As some of you may know I was working on a dog today and was asked to 'crosspost her' with the rescues....I had emailed all the rescues in her area, but what do they mean by crossposting and how is it done? I really want to help the right way but I honestly don't know what this means or how to go about doing it. 
Thank you in advance for your help. 
Rosa


----------



## Jazy's mom (Jan 5, 2004)

It just means that you forward it on to other rescues contacts and then they forward it on and so forth. Many people belong to various rescue and transport groups and they will crosspost to these groups.


----------



## shilohsmom (Jul 14, 2003)

oh, so by sending emails out to the rescues I was 'crossposting'???
I appreciate your response, I really want to help out in any way I can but I want to do it the right way. 
Rosa


----------



## Jazy's mom (Jan 5, 2004)

Something else to keep in mind is to also follow up once the dog has been saved. I often see a dog here on the board or get an email from one of my rescue contacts about a dog in need.

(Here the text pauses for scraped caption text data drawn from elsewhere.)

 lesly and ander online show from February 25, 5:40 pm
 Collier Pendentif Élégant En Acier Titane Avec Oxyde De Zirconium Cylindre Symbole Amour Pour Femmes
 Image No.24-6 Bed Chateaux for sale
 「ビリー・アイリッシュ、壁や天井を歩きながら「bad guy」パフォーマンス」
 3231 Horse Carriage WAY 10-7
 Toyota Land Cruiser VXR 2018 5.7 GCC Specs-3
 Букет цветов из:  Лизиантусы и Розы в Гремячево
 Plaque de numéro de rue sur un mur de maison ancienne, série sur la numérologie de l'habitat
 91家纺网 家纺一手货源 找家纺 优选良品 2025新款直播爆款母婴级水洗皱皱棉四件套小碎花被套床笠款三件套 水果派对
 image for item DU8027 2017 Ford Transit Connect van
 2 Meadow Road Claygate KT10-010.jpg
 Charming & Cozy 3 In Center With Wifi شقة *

Then a week later I will get another email about the same dog in need usually through my local GSD club and by that time the dog has either already been put to sleep or has been taken into rescue.


----------



## shilohsmom (Jul 14, 2003)

thanks for all the help here. I guess I knew how to 'crosspost' but didn't even know it...silly me. But I do apprecaite your explainations...I don't want to do anything or misunderstand anything that might cause a dog its life. 
Rosa


----------